> **Task statement**: Would you transcribe the entries below, beginning at the line with "Photo 2 from" and ending after the line with "Load image into", exactly, with no picture and nothing more?

> **Input data**:
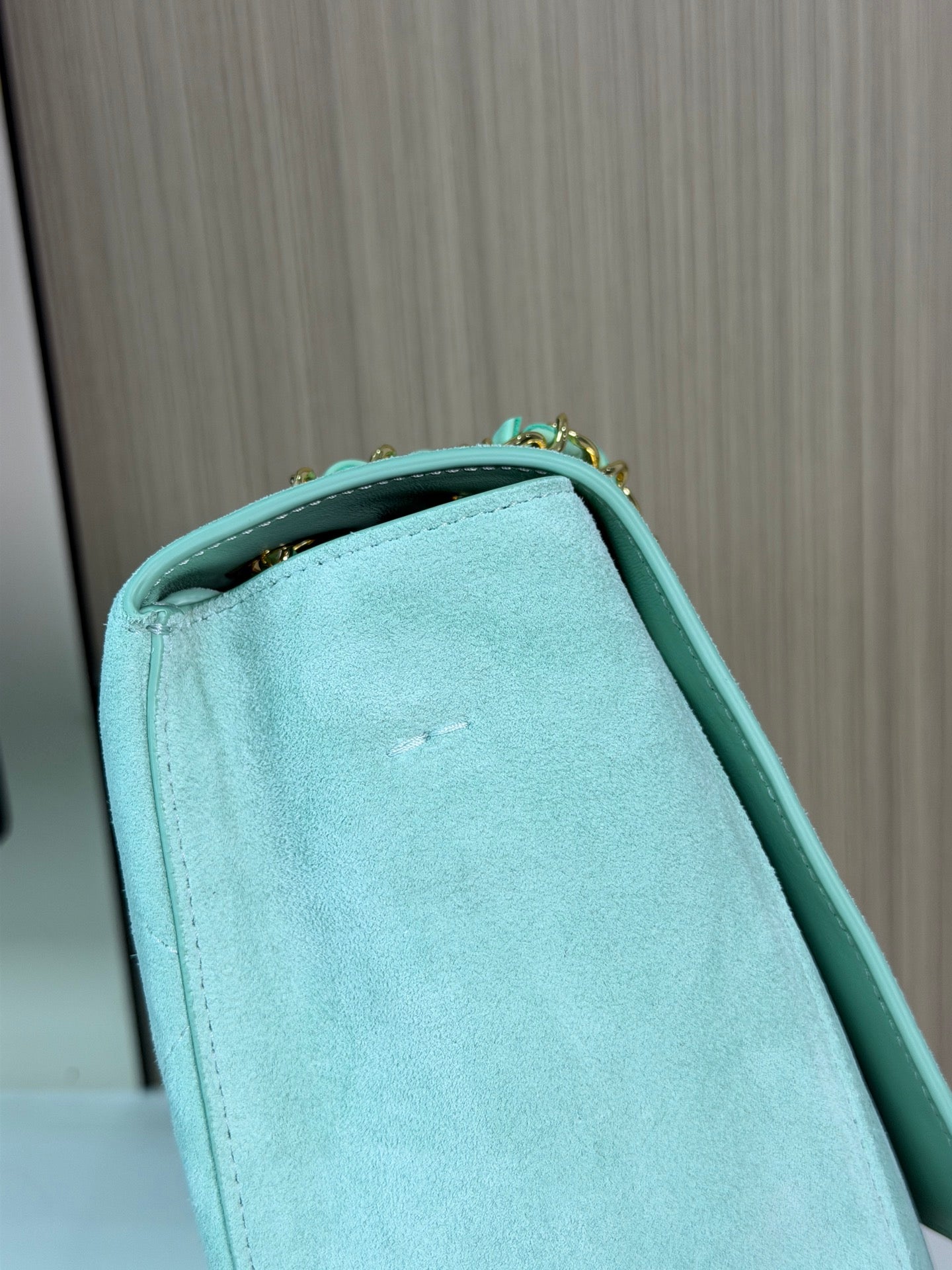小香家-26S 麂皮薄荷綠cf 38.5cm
--
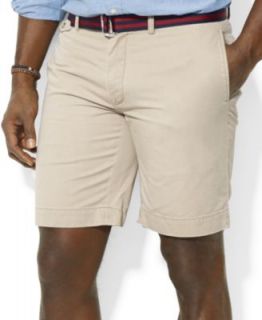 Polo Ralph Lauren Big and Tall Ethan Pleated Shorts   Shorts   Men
--
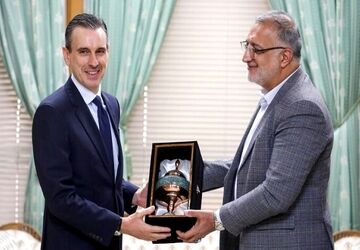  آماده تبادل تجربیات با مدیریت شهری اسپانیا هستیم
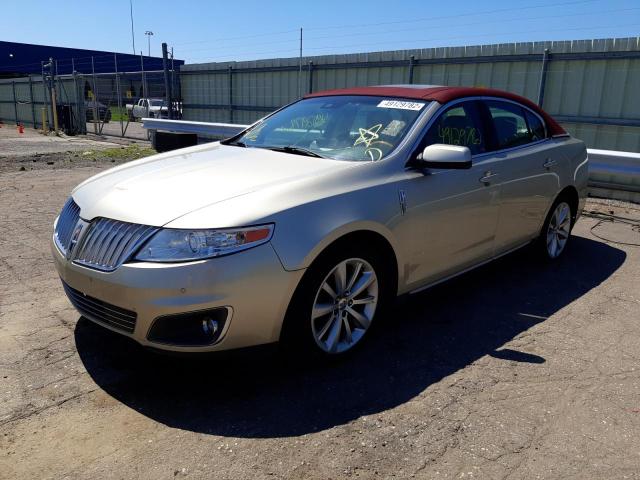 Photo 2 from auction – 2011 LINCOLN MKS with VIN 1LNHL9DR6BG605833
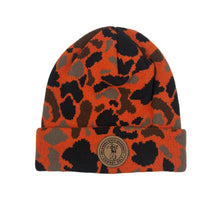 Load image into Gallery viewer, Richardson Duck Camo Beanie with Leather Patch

> **Exercise response**:
 Photo 2 from auction – 2011 LINCOLN MKS with VIN 1LNHL9DR6BG605833
 Load image into Gallery viewer, Richardson Duck Camo Beanie with Leather Patch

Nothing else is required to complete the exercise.